WORK ORDER: Going line by line through the records below, count those with the word "from" and give only the count.
··· RECORDS TO USE ···
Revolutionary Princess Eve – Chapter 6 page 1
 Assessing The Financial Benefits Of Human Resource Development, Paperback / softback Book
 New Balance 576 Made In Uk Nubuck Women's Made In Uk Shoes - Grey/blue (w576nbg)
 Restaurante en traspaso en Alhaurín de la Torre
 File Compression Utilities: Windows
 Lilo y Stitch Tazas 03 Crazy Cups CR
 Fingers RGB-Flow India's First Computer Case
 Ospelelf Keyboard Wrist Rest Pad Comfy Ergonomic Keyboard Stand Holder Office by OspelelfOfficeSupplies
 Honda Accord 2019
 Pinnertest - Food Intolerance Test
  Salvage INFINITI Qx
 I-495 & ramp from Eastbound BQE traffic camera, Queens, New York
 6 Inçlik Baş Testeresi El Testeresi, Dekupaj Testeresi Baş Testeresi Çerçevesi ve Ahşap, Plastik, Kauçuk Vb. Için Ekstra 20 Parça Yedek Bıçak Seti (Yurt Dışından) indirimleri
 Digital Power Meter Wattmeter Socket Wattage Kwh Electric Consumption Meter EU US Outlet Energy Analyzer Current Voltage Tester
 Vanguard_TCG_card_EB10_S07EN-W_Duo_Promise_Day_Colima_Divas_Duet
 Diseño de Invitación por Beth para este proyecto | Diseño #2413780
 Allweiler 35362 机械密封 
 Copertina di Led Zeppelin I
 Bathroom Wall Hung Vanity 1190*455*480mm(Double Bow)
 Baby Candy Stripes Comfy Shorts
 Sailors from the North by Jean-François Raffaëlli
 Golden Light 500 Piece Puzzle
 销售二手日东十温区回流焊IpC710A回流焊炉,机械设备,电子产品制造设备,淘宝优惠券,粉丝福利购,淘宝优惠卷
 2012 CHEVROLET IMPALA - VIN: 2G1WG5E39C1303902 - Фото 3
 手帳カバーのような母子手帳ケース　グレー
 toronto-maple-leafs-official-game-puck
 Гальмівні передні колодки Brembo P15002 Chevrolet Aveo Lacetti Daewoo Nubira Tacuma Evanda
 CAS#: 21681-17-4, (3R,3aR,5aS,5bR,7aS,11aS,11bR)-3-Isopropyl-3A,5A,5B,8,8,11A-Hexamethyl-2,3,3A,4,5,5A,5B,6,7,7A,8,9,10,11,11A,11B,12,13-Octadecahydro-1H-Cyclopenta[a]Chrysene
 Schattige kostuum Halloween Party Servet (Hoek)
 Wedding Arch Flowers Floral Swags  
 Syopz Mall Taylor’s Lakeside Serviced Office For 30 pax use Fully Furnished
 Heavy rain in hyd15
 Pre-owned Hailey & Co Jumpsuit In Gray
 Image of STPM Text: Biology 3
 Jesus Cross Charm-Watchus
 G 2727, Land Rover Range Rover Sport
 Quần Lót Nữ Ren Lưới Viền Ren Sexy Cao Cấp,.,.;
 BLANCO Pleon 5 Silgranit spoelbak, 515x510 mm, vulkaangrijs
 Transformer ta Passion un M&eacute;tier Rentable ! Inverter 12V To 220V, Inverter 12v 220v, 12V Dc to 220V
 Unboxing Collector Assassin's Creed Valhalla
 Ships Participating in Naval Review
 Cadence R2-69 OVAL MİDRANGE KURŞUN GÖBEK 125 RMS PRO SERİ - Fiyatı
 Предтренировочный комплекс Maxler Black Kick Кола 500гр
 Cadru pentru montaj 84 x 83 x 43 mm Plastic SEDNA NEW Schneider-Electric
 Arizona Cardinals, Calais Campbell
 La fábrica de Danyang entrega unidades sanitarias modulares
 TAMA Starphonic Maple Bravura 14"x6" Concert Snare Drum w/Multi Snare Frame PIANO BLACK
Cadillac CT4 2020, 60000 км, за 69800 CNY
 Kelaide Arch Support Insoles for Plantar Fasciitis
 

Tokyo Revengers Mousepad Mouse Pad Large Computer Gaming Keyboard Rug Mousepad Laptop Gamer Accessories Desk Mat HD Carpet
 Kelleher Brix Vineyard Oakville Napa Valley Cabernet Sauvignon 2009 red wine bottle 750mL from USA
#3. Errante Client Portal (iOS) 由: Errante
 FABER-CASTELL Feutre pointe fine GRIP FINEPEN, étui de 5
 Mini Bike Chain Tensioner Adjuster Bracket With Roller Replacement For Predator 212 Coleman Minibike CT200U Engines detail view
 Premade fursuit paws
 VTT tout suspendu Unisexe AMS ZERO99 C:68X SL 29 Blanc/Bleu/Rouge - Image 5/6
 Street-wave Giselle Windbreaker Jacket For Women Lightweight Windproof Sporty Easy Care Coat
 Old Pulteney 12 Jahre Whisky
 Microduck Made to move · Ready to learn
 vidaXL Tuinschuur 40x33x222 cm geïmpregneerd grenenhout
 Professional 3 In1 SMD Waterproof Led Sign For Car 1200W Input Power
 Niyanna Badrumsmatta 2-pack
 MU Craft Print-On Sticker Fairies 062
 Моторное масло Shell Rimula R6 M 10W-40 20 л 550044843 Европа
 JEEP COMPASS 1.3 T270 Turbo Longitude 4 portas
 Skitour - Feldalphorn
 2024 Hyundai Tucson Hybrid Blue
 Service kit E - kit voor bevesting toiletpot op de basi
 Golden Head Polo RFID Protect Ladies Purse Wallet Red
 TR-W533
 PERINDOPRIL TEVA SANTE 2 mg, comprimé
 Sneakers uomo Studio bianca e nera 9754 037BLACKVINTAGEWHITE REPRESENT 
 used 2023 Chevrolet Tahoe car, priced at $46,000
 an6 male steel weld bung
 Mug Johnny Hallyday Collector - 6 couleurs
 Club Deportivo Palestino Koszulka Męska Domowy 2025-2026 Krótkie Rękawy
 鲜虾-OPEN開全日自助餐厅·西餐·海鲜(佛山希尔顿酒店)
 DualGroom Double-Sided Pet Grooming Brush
···
RESPONSE BELOW: 3